Sahara conflict costs Algeria $ 600,000 million

The closer links being woven between the Polisario separatists and militants of Al Qaeda in the Islamic Maghreb (AQIM) are a source of growing concern in the Canary Islands.
Spanish and Western intelligence services had already warned Madrid about this threat, prompting the government to repatriate on July 28 all Spanish aid workers from the Tindouf camps.
The Western Sahara conflict that can not be dissociated from the security situation in the region costs Algeria a whopping $600,000 million, or the equivalent of the deficit scored by the Algerian oil company Sonatrach, reported the Canary Islands based daily “El Dia”.
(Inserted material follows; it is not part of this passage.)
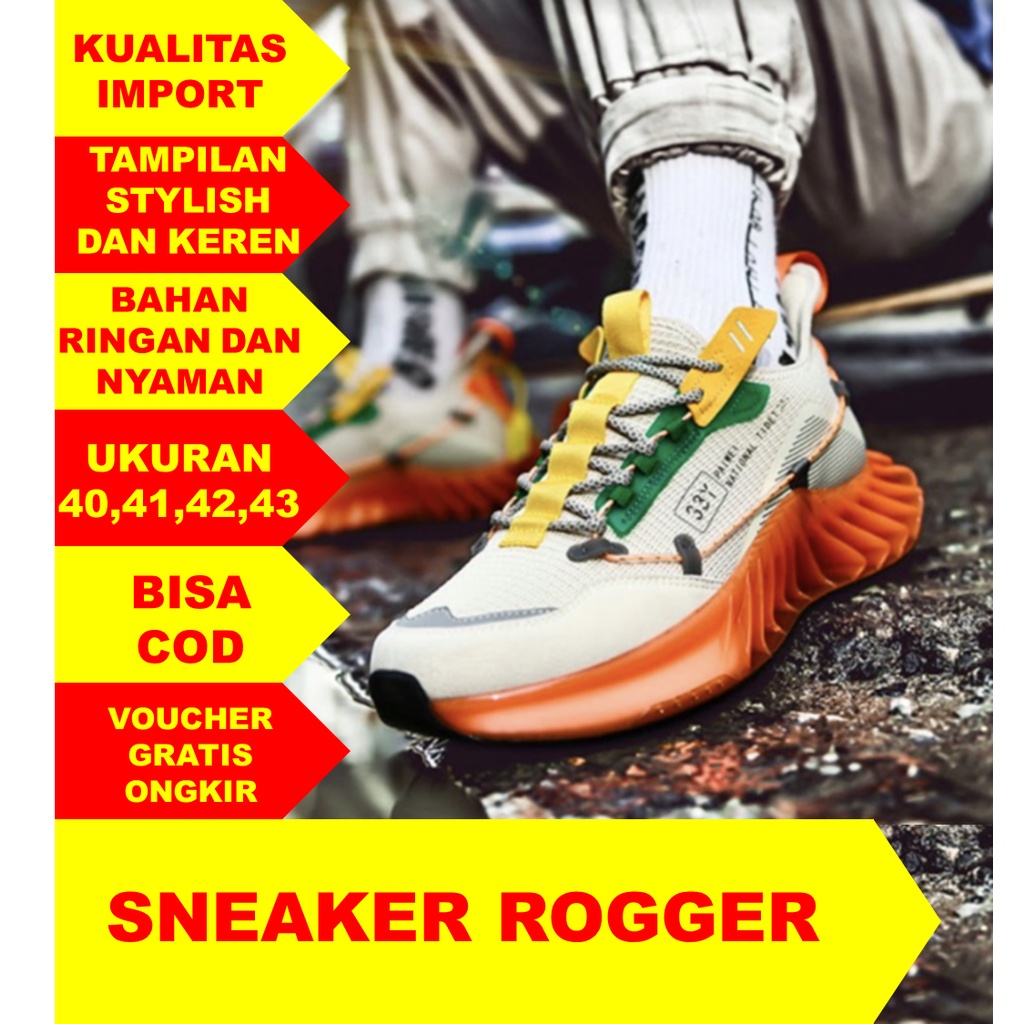 Jual Sepatu Pria Sneaker Import Rogger Kualitas Premium Sepatu Sport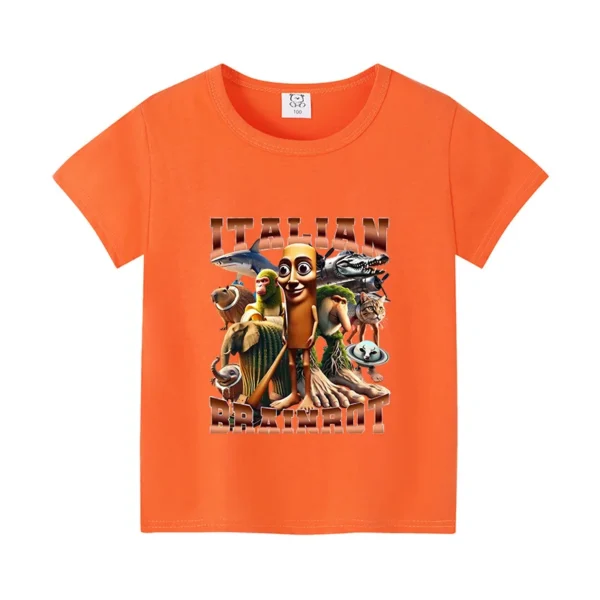 Italian Brainrot Themed Boys Girl T-shirt Popular Meme Animal Children Clothing Tralalero Tralala Summer Short Sleeve Cotton Tee - Image 15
In a recent story published by the daily under the title “Growing Terrorism in Tindouf”, Spanish journalist Ramon Moreno wrote that “there is not the slightest doubt as to Algeria’s involvement in everything happening in the Maghreb and the Sahel.”
The strategy of the Algerian armed forces, which actually hold power in the country and this since the days of Ben Bella, has always been based on “exporting their internal problems beyond their own borders,” the journalist noted.
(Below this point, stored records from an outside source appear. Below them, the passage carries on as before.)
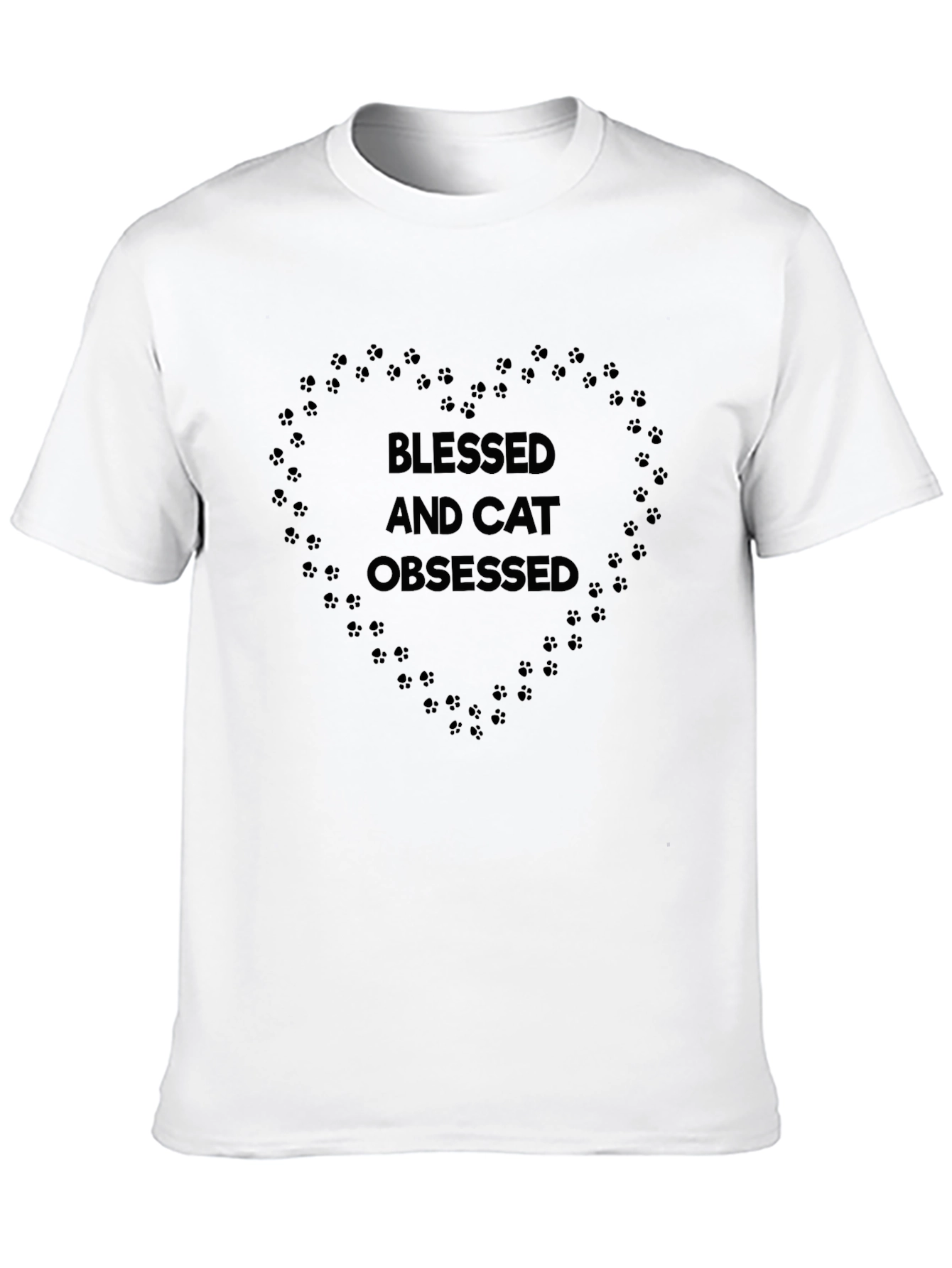 Black Blessed & Cat Obsessed T-Shirt - Unisex Black Tee view 10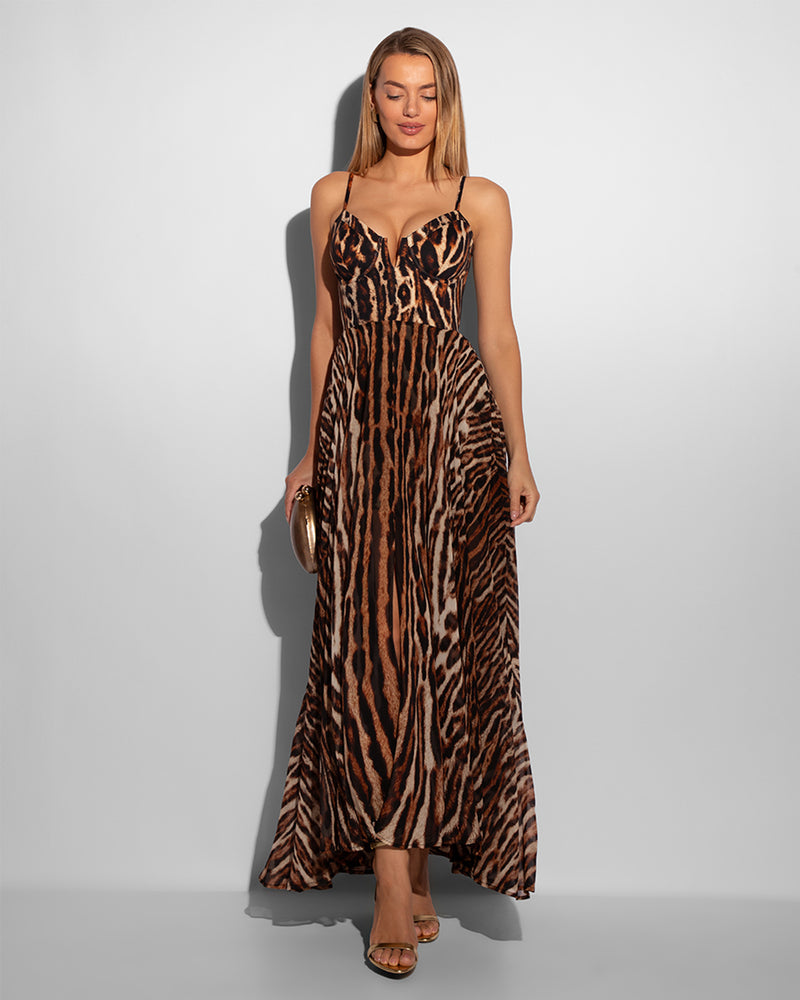 Model Wears Vixen Corset Front Slit Shapewear Maxi Dress - Pilates Cat Full Front View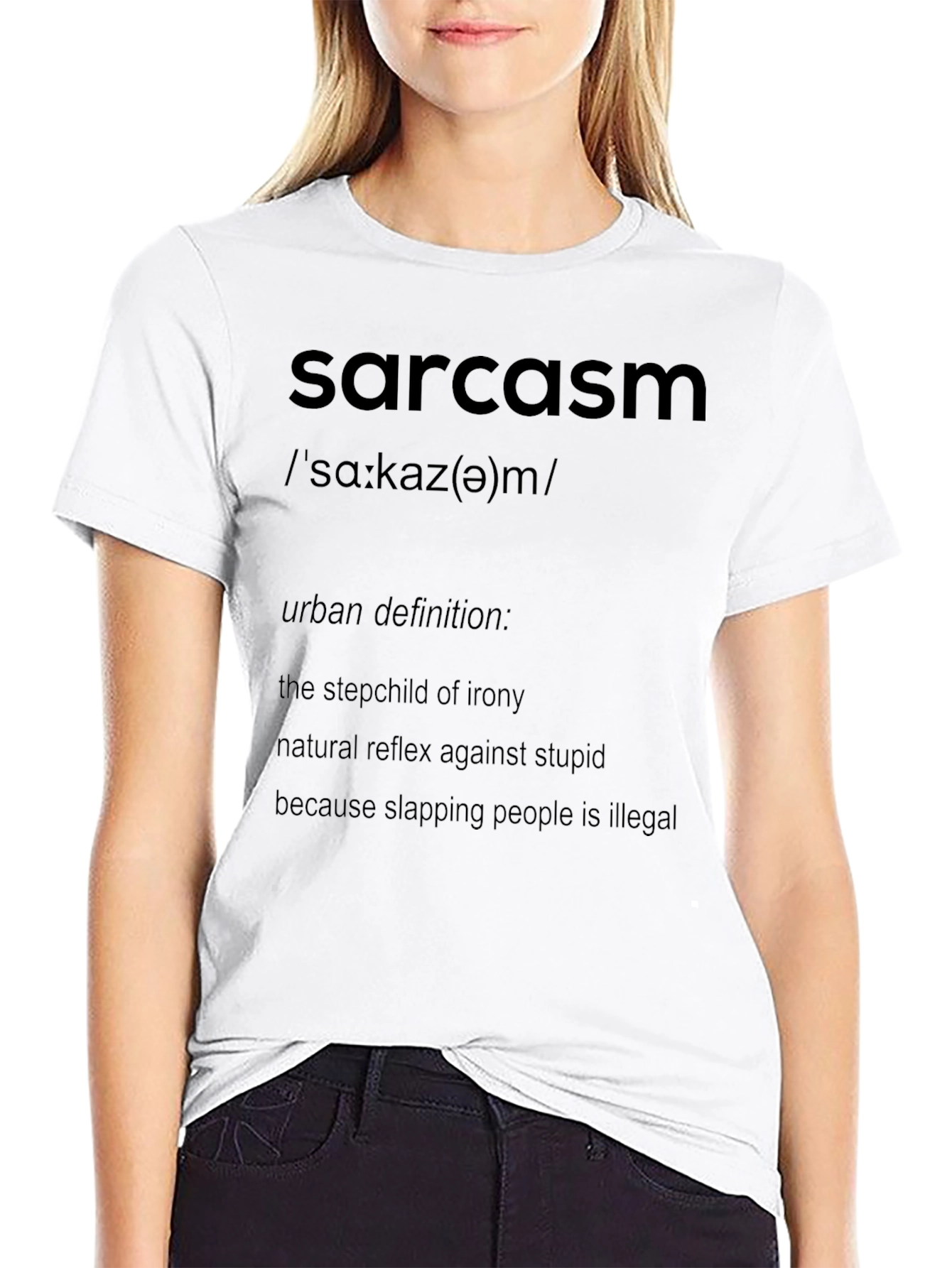 Sarcasm Definition Black T-Shirt - Humorous & Witty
In his story, Ramon Moreno pondered on the links between AQIM and the Polisario and warned Spanish authorities about the expansion of the phenomenon of terrorism in the Tindouf camps. He underscored the documented links existing between the Polisario and AQIM in the Sahel, saying however that the extent of collusion between the two movements deserves to be identified and addressed more accurately.
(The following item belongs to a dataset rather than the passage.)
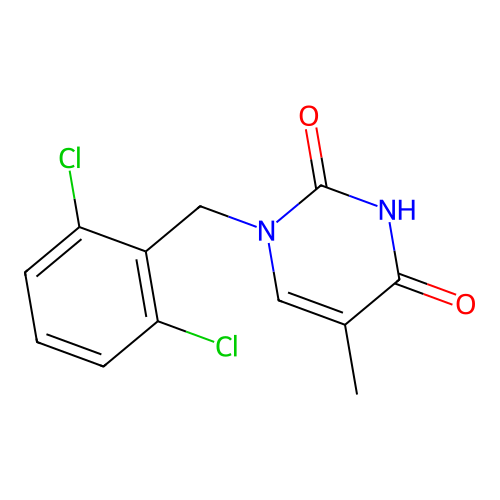1-(2,6-dichlorobenzyl)-4-hydroxy-5-methylpyrimidin-2(1H)-one structure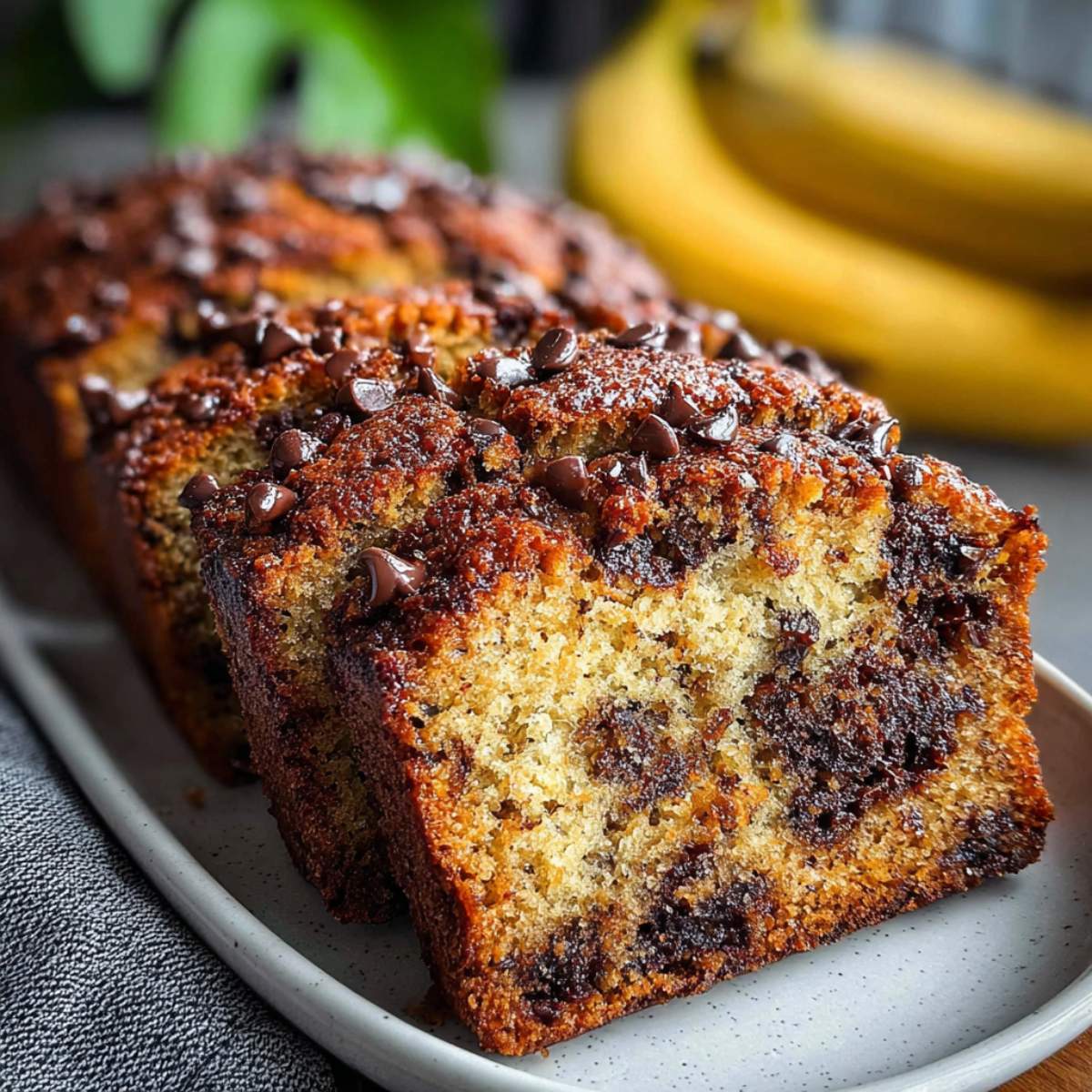 Moist chocolate chip banana bread sliced on a wooden board, showing rich banana crumb and melted chocolate chips throughout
Ramon Moreno recalled in this connection that the Polisario leadership had recently recognized officially the presence of Sahrawi activists in the ranks of AQIM terrorist groups in northern Mali.
The Polisario Defense Minister in person had recognized that a first group of Polisario fighters had joined AQIM, while a second group, made up of 14 elements, had rallied the Movement for Unity and Jihad in West Africa (MUJAO), the journalist wrote.
Referring to investigations conducted after three European humanitarian workers were kidnapped in Tindouf with the connivance of the Polisario, Ramon Moreno noted that many indicators show the existence of an increasing collaboration between the Polisario and jihadist groups in the Sahel, with a high probability of exchange of information and guidance.